RECORDS SHOWN:
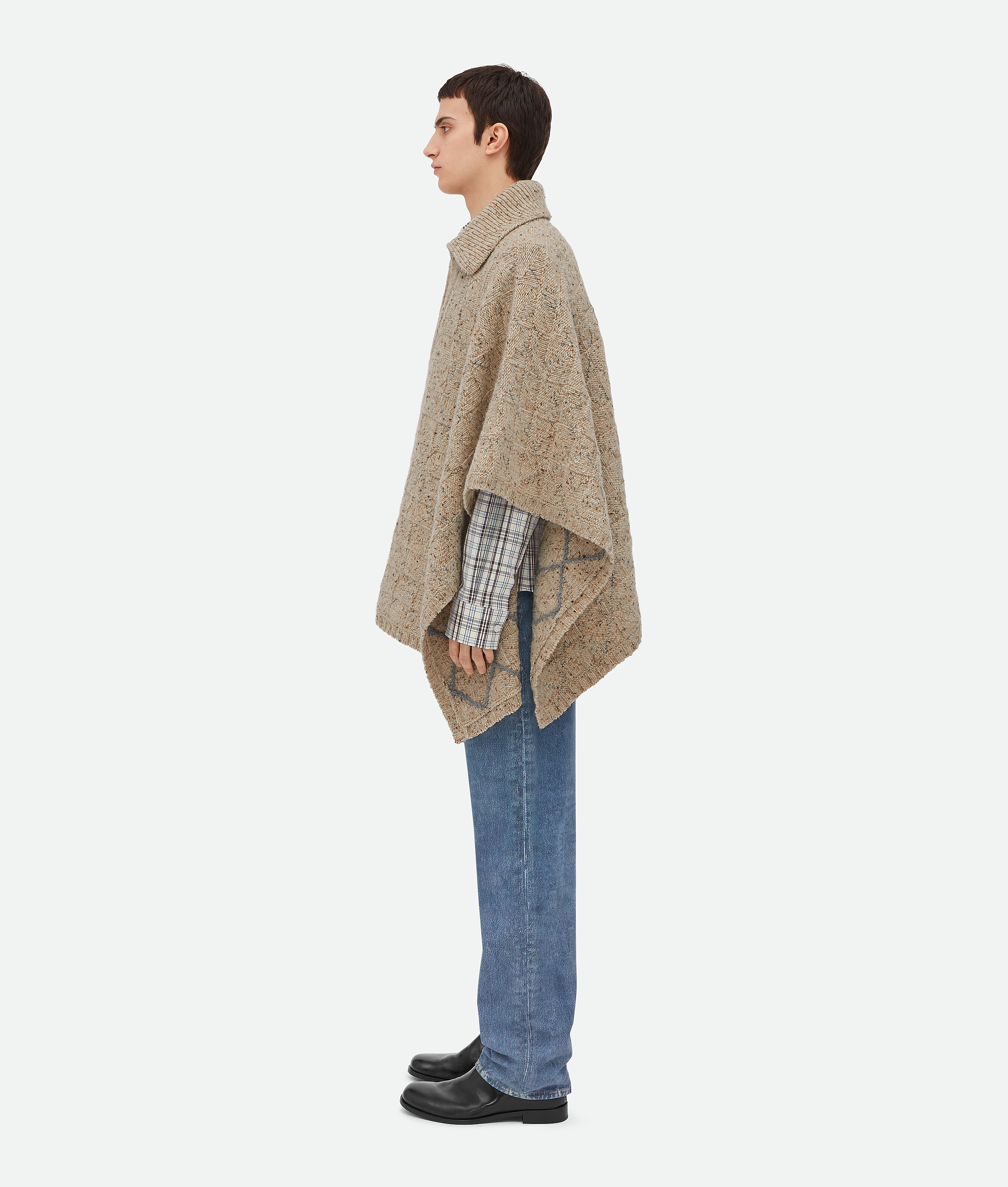 BOTTEGA VENETA PONCHO LOSANGE EN LAINE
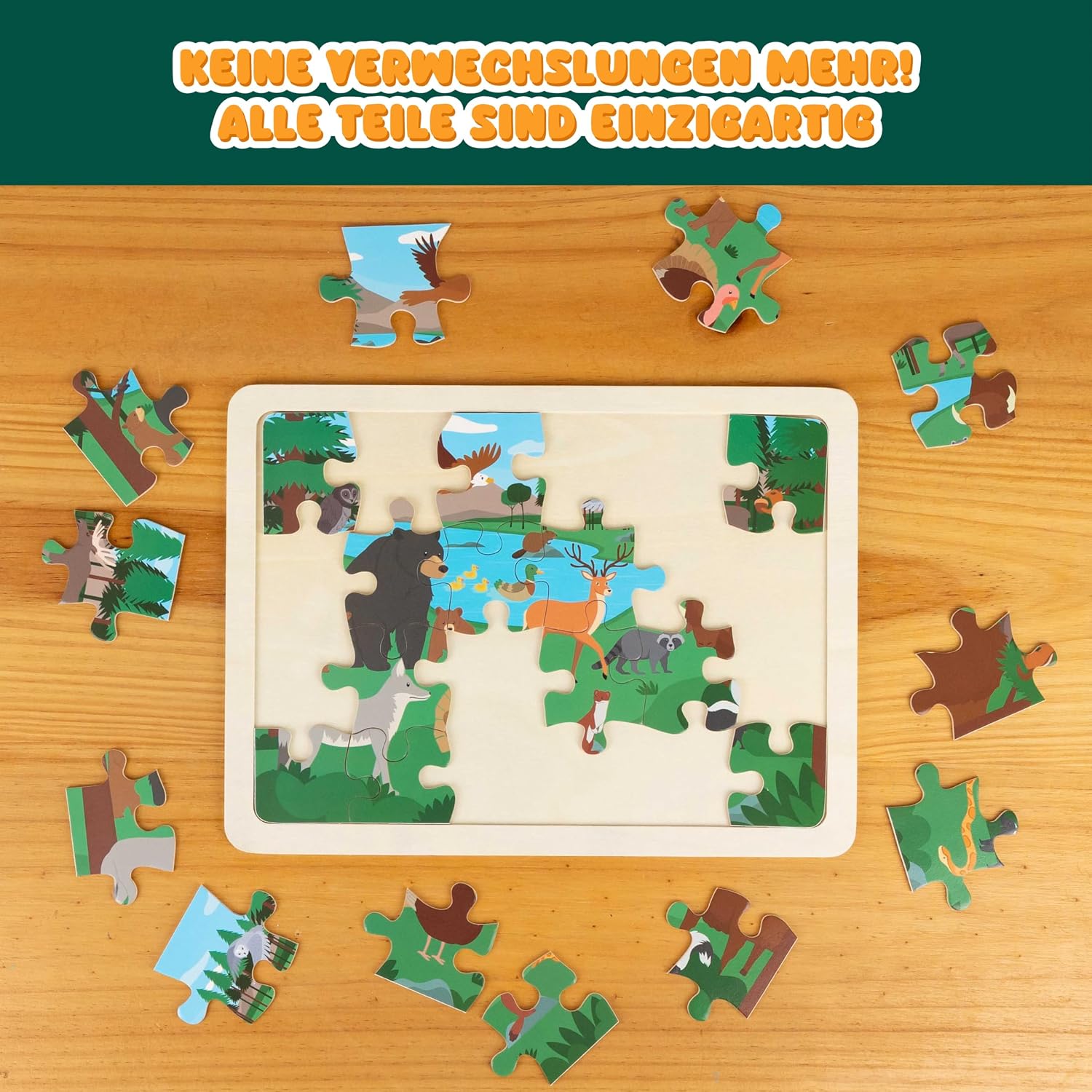 BONNYCO Holzpuzzle Kinder, 6 Sets mit je 24 Teilen, Tieren aus Aller Welt – Bild 6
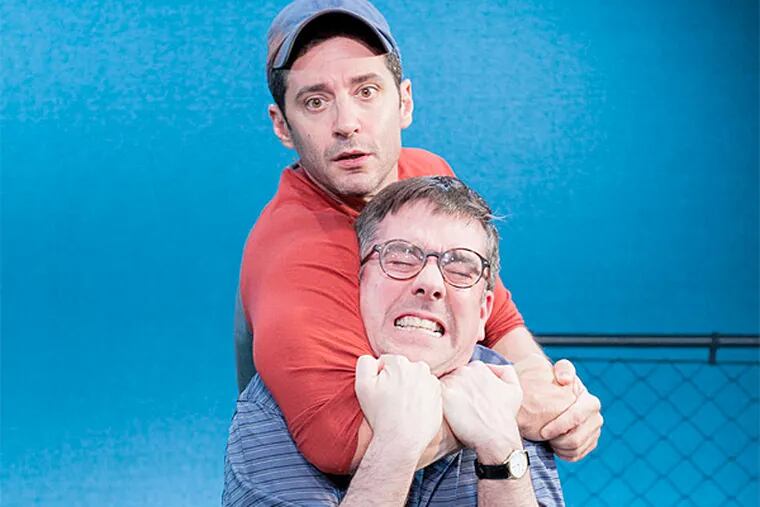 The most dangerous game: Michael Basile (top) and Tony Braithwaite star in Richard Dresser's comedy "Rounding Third" at Ambler's Act II Playhouse.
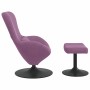 Silla Huevo con Puff Morado 63 x 73 x 90 cm Terciopelo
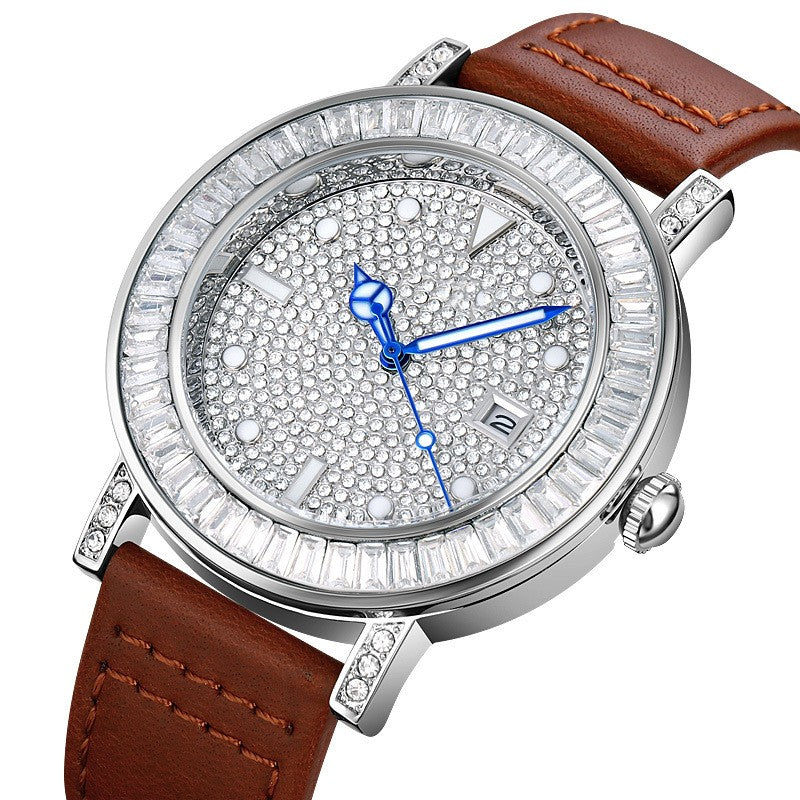 Luxury Women's Watch Round Diamond Quartz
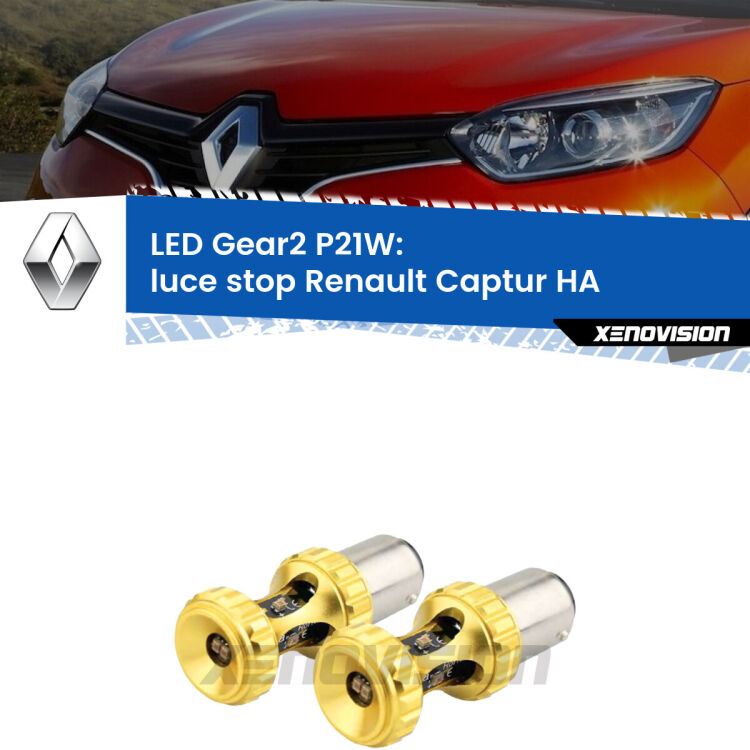 <strong>Luce Stop LED per Renault Captur</strong> HA 2016 - 2018. Coppia lampade <strong>P21W</strong> super canbus Rosse modello Gear2.
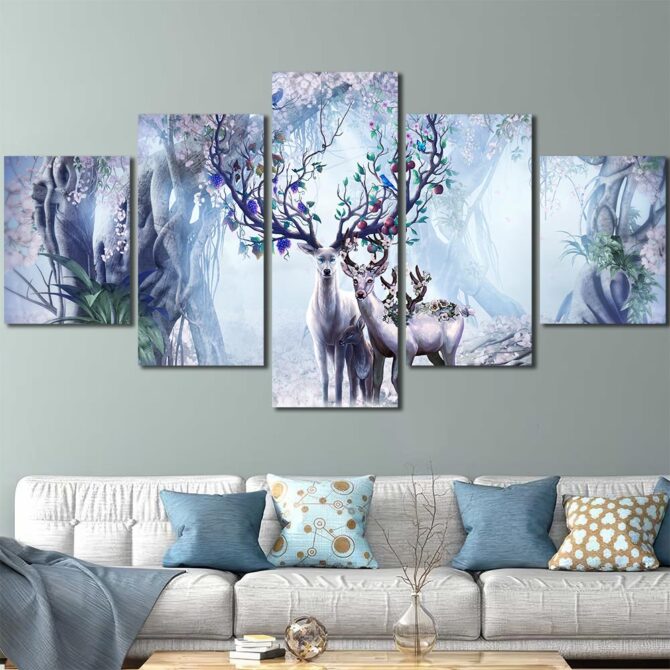 Magical Deer Printed Wall Art Painting Layout-Five Panels Diamond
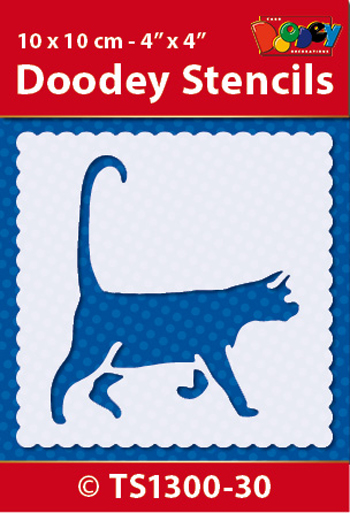 TS1300-30 Doodey Stencil , 10x10 cm Cat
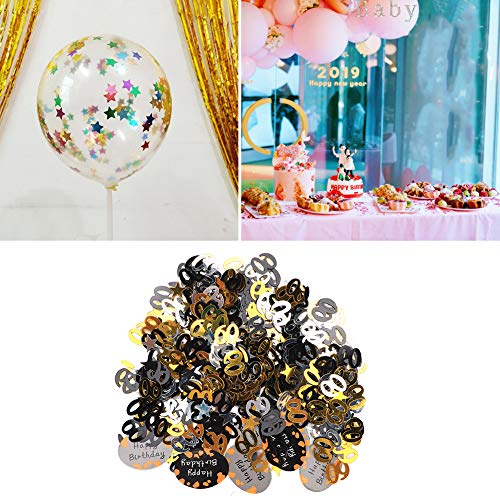 Geburtstagsparty Werfen Konfetti Tischkonfetti DIY Kleidung Dekoration Zubehör (600 Stück Zahlen + 12 Stück) von Vcedas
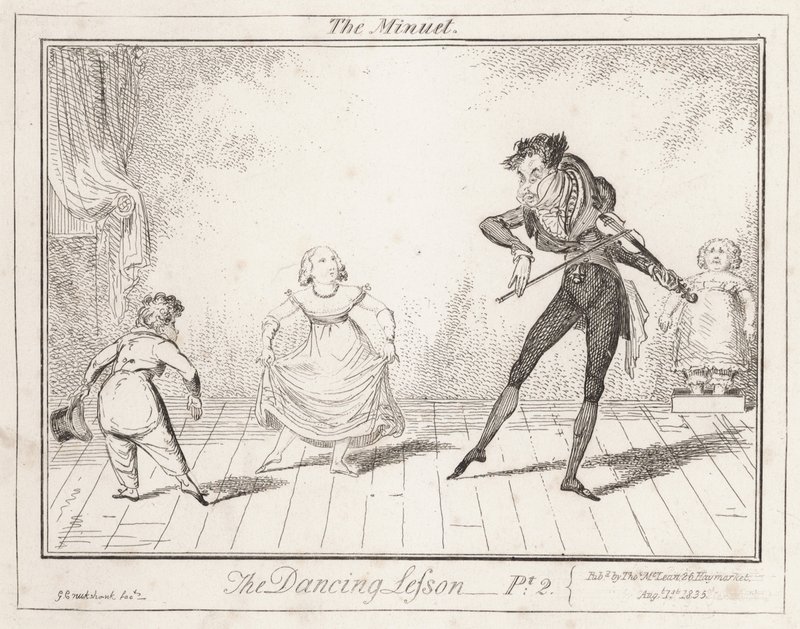 A tánclecke: A menüett alkotó: George Cruikshank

ASSIGNMENT:
No pictures should appear in the copy; write out exactly the lines from the one containing "Magical Deer Printed" through the end of the material.

ANSWER SECTION:
 Magical Deer Printed Wall Art Painting Layout-Five Panels Diamond
 TS1300-30 Doodey Stencil , 10x10 cm Cat
 Geburtstagsparty Werfen Konfetti Tischkonfetti DIY Kleidung Dekoration Zubehör (600 Stück Zahlen + 12 Stück) von Vcedas
 A tánclecke: A menüett alkotó: George Cruikshank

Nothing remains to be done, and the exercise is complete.